The response should contain only the line with "Inspired By - Bright Crystal - Versace" and every line after it to the end of the listing below, duplicated exactly; no picture belongs in it.

- _Input data_

⟨

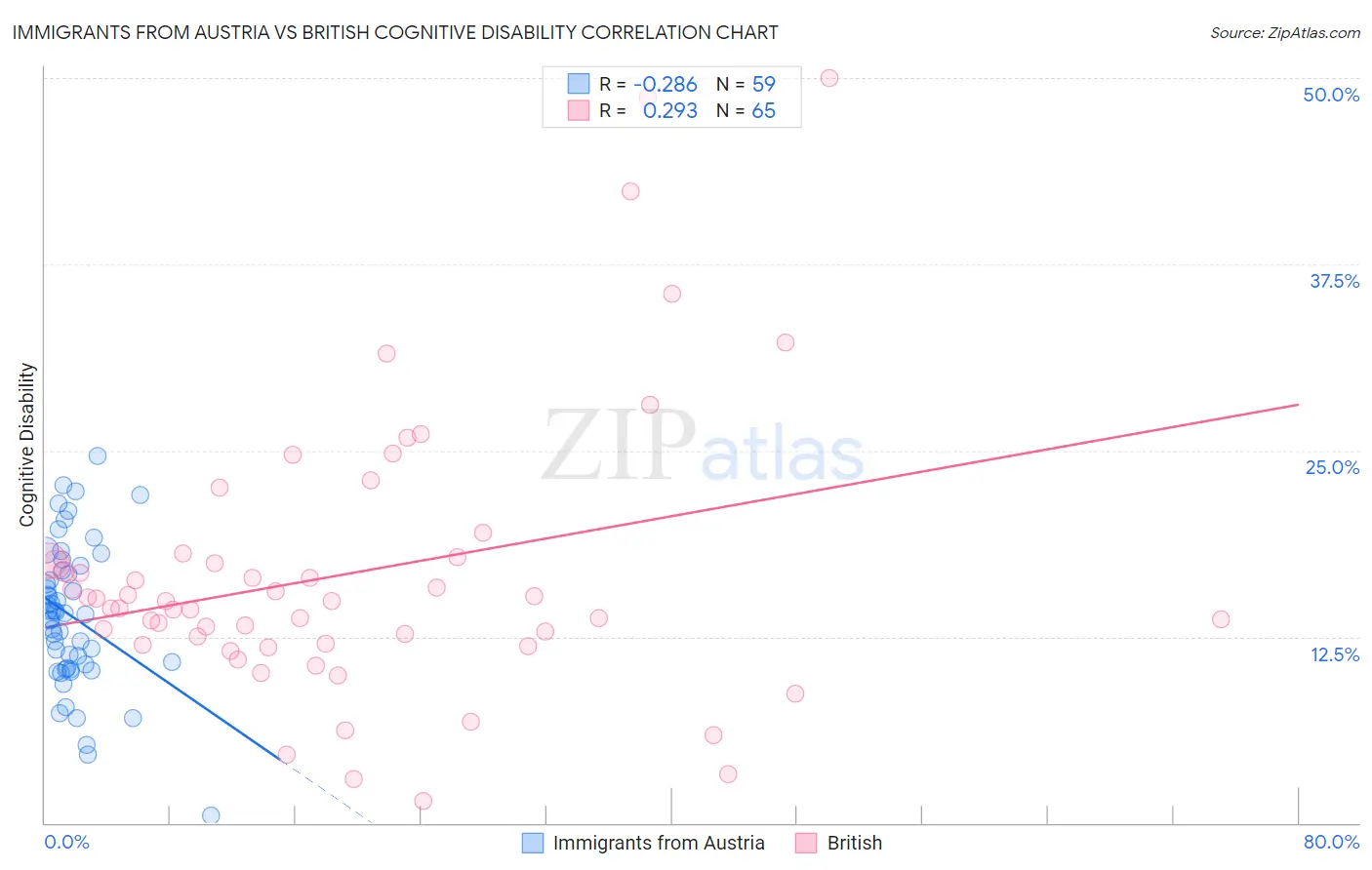 Immigrants from Austria vs British Cognitive Disability
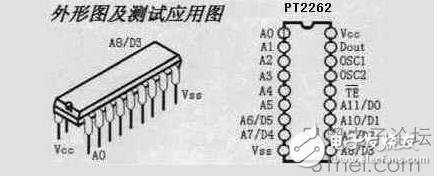 PT2262/PT2272管脚说明和引脚图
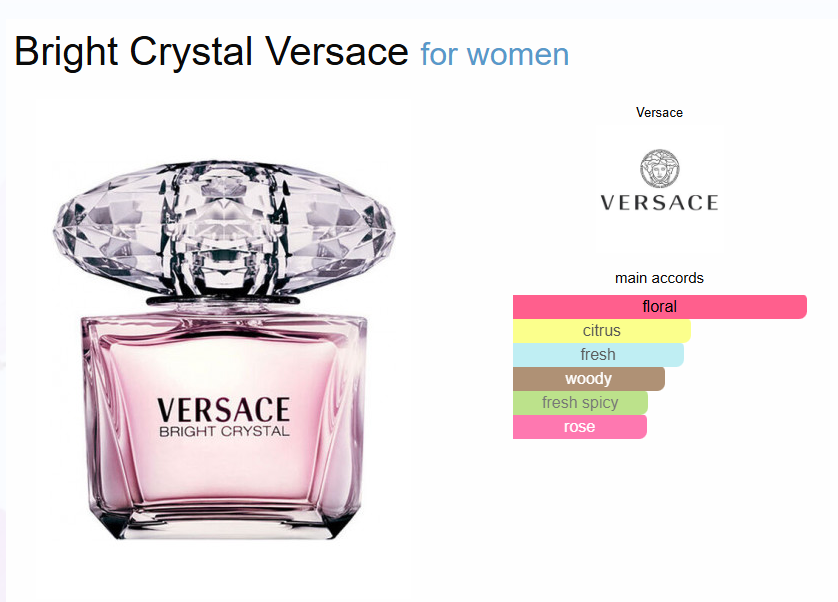 Inspired By - Bright Crystal - Versace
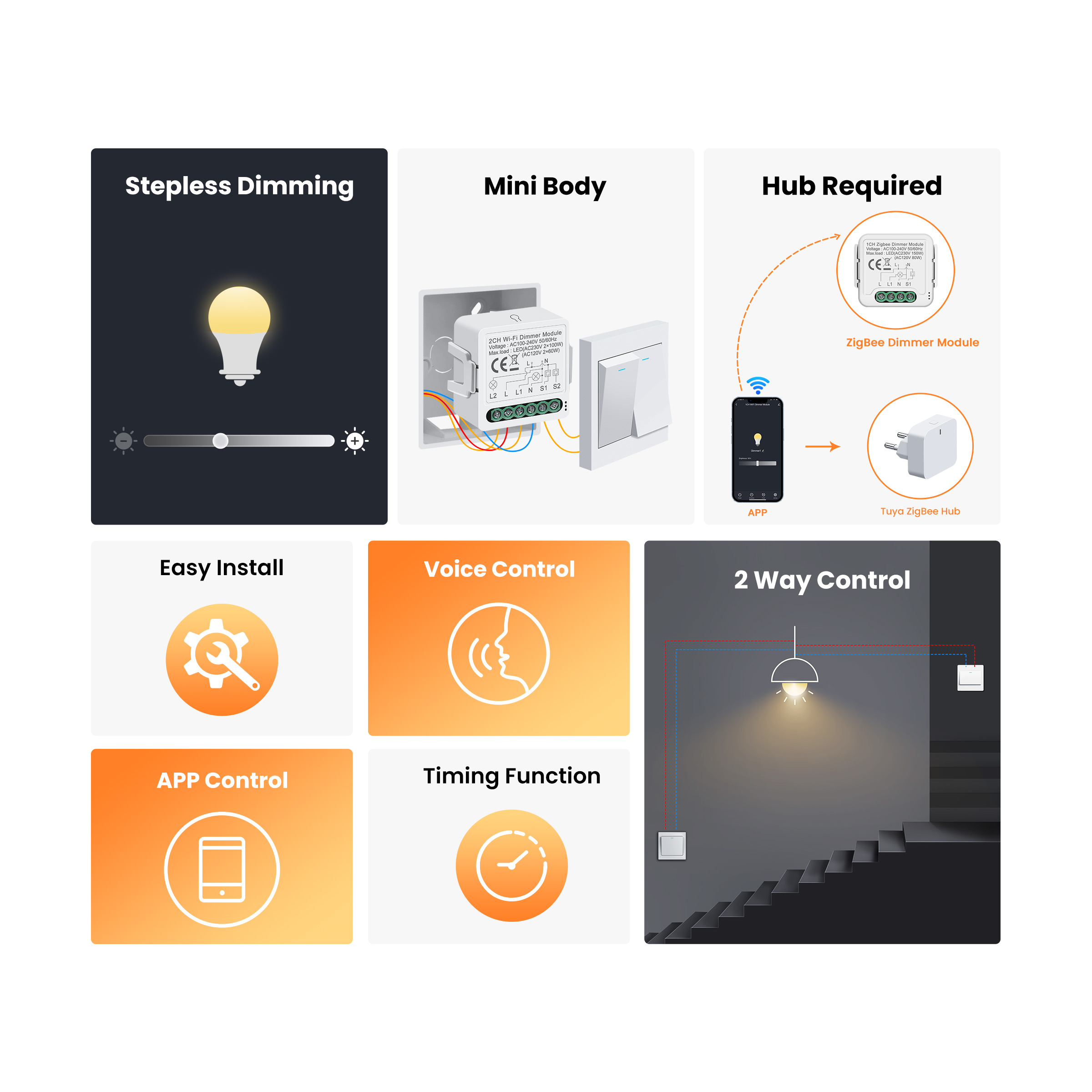 GIRIER 투야 스마트 와이파이 지그비 3.0 조광기 - Smart Home Zigbee 리뷰 및 가격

⟩

- _Result_
 Inspired By - Bright Crystal - Versace
 GIRIER 투야 스마트 와이파이 지그비 3.0 조광기 - Smart Home Zigbee 리뷰 및 가격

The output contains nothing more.